## Assignment
From the entries below, copy exactly the lines from the one that contains "rescue save love Women's V-Neck T-Shirt" through the one that contains "Vintage Brass Hand Bell- heavy", both included, and only those.

## Raw data
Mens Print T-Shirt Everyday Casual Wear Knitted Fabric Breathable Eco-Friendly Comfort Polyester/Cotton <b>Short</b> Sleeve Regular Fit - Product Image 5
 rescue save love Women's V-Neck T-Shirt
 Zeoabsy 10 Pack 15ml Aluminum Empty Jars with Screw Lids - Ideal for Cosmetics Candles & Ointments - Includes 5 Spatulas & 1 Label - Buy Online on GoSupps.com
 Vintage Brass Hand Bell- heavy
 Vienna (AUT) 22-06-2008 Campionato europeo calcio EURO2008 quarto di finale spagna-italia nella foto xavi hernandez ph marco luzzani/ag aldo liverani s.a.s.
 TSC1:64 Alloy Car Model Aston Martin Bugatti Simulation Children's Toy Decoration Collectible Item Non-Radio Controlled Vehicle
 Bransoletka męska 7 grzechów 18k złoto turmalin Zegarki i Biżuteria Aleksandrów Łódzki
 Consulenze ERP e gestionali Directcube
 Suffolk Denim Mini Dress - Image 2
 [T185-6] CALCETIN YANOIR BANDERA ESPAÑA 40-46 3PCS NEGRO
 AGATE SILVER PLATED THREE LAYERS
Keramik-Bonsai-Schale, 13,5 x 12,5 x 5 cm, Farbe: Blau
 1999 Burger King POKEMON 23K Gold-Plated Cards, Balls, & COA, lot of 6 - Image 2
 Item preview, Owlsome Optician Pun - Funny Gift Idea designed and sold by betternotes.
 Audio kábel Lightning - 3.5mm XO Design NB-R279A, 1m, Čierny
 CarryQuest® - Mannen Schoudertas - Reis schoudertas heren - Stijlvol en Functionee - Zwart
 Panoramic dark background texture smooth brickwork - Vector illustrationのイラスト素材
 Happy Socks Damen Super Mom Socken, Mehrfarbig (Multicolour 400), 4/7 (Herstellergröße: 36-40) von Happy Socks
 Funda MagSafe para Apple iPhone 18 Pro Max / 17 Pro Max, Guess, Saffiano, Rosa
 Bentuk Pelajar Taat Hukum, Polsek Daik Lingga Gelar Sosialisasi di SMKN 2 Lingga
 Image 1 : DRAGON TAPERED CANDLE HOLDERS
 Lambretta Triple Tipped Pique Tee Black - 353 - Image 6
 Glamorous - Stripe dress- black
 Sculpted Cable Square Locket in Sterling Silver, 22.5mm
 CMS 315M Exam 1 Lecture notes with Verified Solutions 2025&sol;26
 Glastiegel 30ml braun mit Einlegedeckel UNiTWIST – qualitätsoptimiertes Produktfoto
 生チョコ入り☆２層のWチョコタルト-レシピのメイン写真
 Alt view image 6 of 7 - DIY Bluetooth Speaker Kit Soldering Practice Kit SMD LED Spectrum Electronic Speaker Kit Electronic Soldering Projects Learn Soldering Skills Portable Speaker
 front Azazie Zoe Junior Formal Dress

## Response for this exercise
 rescue save love Women's V-Neck T-Shirt
 Zeoabsy 10 Pack 15ml Aluminum Empty Jars with Screw Lids - Ideal for Cosmetics Candles & Ointments - Includes 5 Spatulas & 1 Label - Buy Online on GoSupps.com
 Vintage Brass Hand Bell- heavy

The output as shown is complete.